Right now, streaming a large dataset into memory can either cause

  1. Connection broken: IncompleteRead Error: This error is caused by httplib.IncompletedRead which is an underlying package of request. This error happens when server wrongly close session and httplib raise ChunkedEncodingError and bury the received bytes.
  2. OOM Error: This error is not really related to the python-client package rather caused by user's code for converting the tamr-client's generator object to a data frame. This can happen by dumping all the received data into memory as a list of JSON. For instance, in code below, the tamr-clientrecord_generator object is converted to a list of JSON and then the list of JSON is used to create a data frame but this resulted a OOM issue (picture below).
    record_generator = unify.datasets.by_resource_id(datasetid).records()
    print('Start Converting Generator Object to string')
    records_as_strings = [{key:"|".join(val) if ((isinstance(val, list)) & (val is not None)) else val for key, val in record.items()} for record in record_generator]
    print('Start Converting to dataFrame')
    df = pd.DataFrame(records_as_strings)

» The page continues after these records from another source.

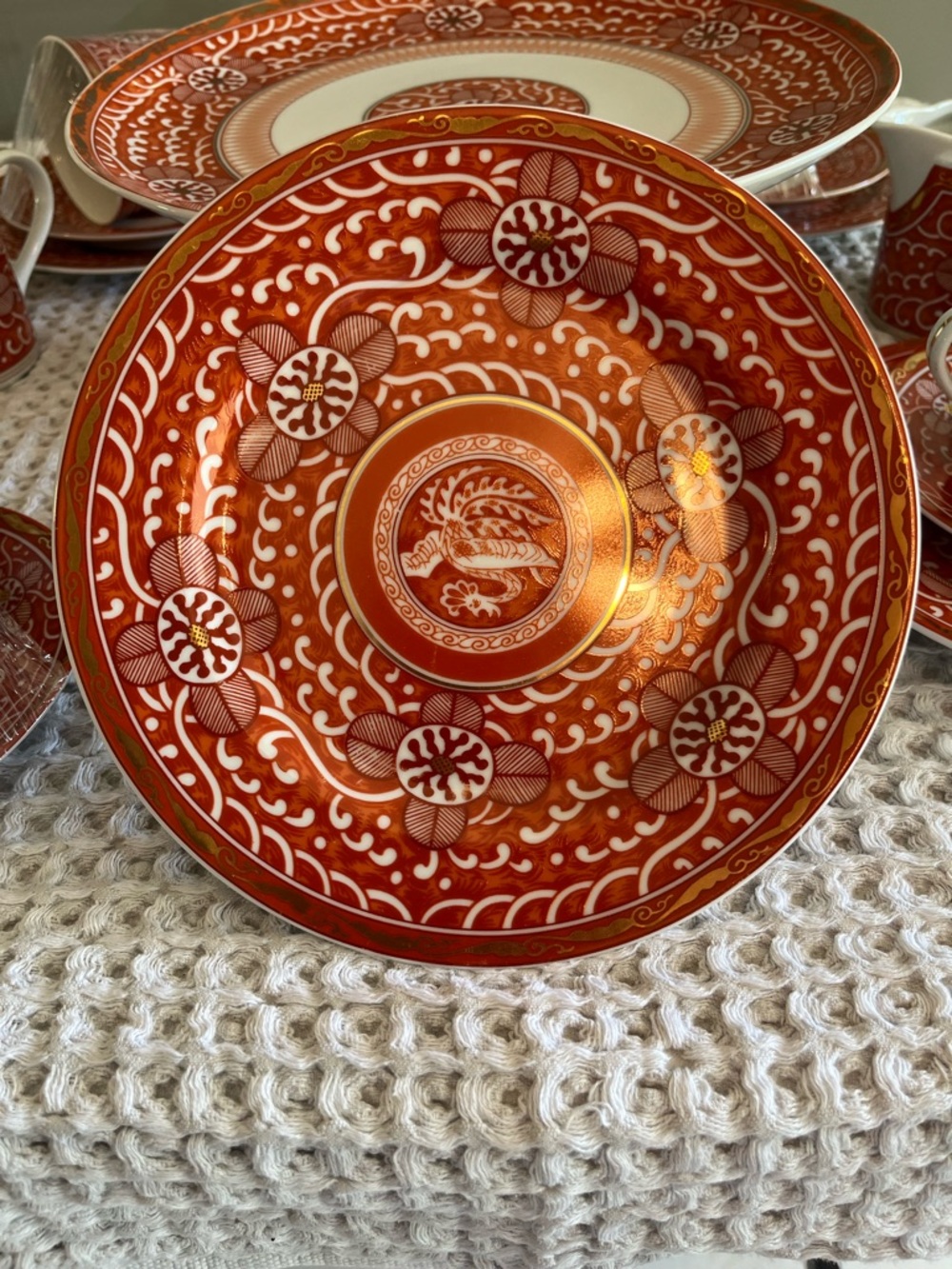 Georges Briard orinate Red and Gold Decorative Plates set of 5.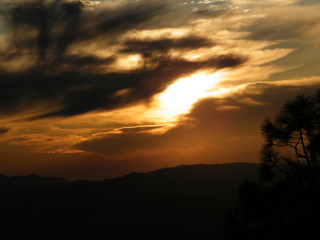 Fototapeta na wymiar few landscapes from Uttarakhand India along with beautiful sunset from Binsar forest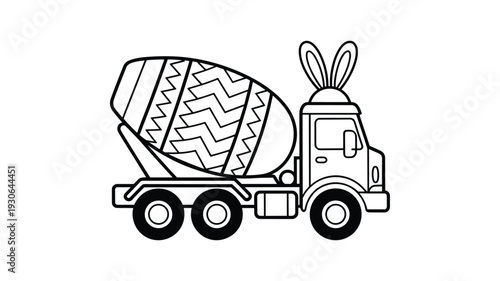 Cement mixer truck carrying large decorated easter egg with bunny ears coloring page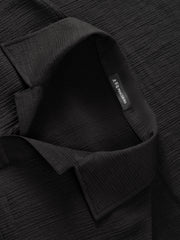 Men's Solid Textured Jacquard Polo Shirt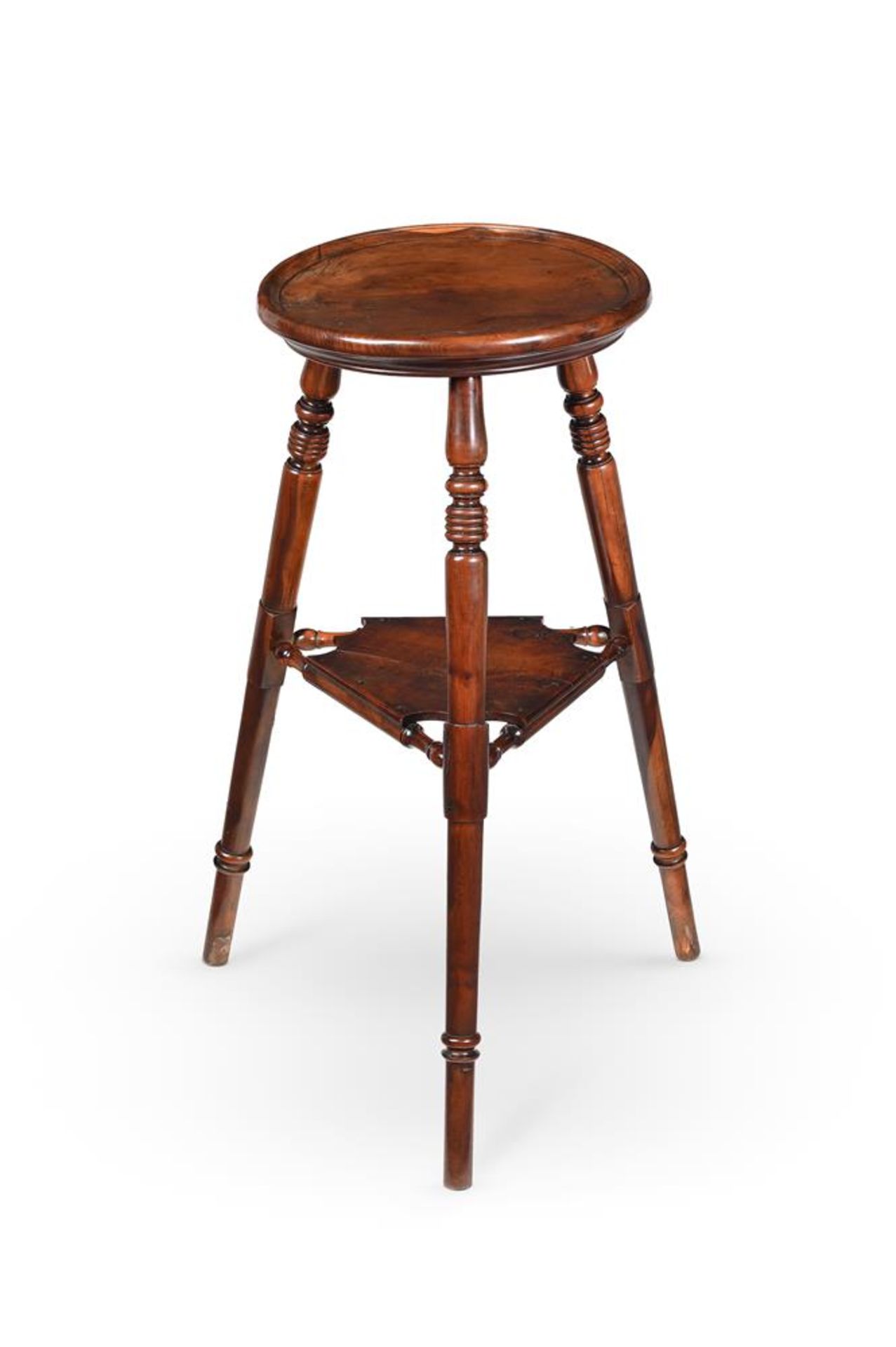 A SOLID YEW WOOD CRICKET TABLE, EARLY 19TH CENTURY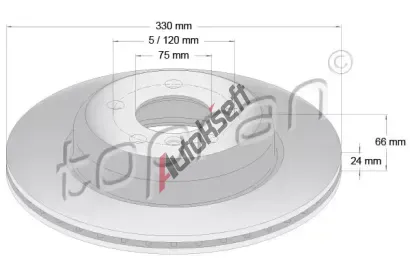 TOPRAN Brzdový kotouč COATED - 330 mm TPR 502 005, 502 005 TOPRAN Brzdový kotouč COATED - 330 mm TPR 502 005, 502 005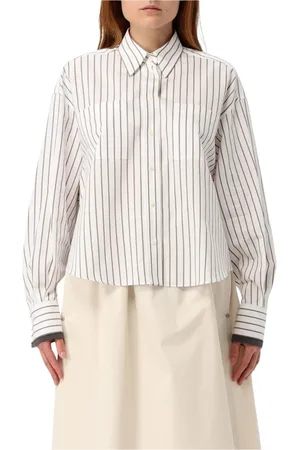 Brunello Cucinelli Blouses & Shirts, Dames, Wit, M, Katoen, Blauw Gestreepte Overhemd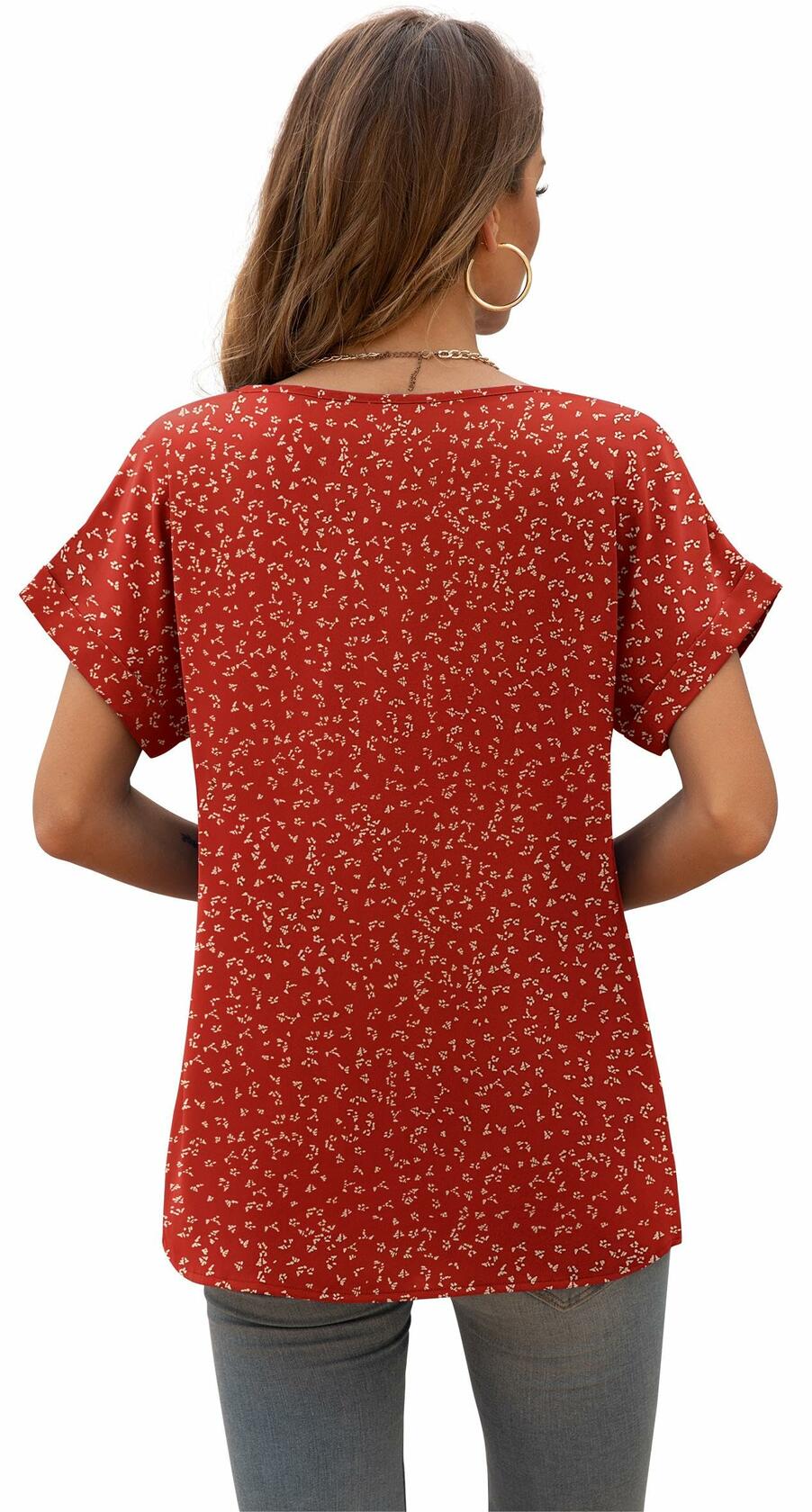 QUEZHU Women's V Neck Short Sleeve Chiffon Blouse Wine Red Size Small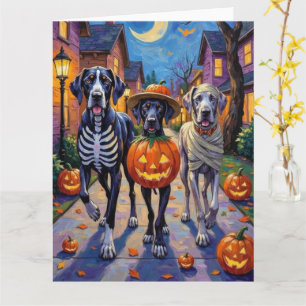 Great Dane Trick-or-Treating Halloween Costumes Card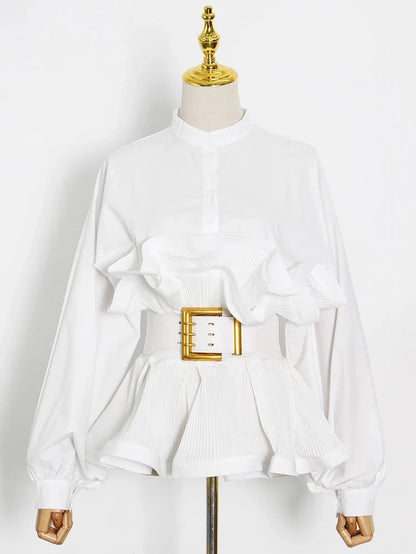 Elegant Patchwork Ruffle Sashes Blouse for Women Stand Collar Long Sleeve Korean Tunic Blouse Female Fashion New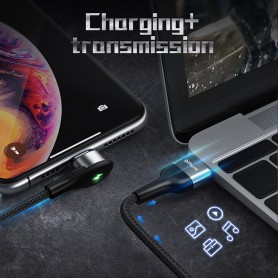 DrPhone Elbow Series Super Magnetische Lightning Kabel - 3A - Oplader - Snel Opladen + Dataoverdracht - 90 Graden met Led licht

    image I was able to work around this issue by changing my code as follows:

    df = pd.DataFrame()
    for record in record_generator:
        records_as_strings = [{key:"|".join(val) if ((isinstance(val, list)) & (val is not None)) else val for key, val in record.items()}]
        df = df.append(records_as_strings)

But then the first error happened.

🤔 Expected Behavior/Possible Solution

  1. Maybe using try/except in record function to keep trying to connect to the Unify.
  2. Fetching data as a batch using iter_content(chunk_size).

🌍 Your Environment

Software Version(s)
tamr-unify-client 0.3.0
Tamr Unify server v2019.015
Python 3.6.8
Operating System
nbateshaus commented 4 years ago

something like more_itertools.flatten(more_itertools.chunked(dataset.records(), CHUNK_SIZE)) should pre-fetch batches of CHUNK_SIZE, causing less code thrashing. I've found CHUNK_SIZE of 1,000 to 10,000 to be useful.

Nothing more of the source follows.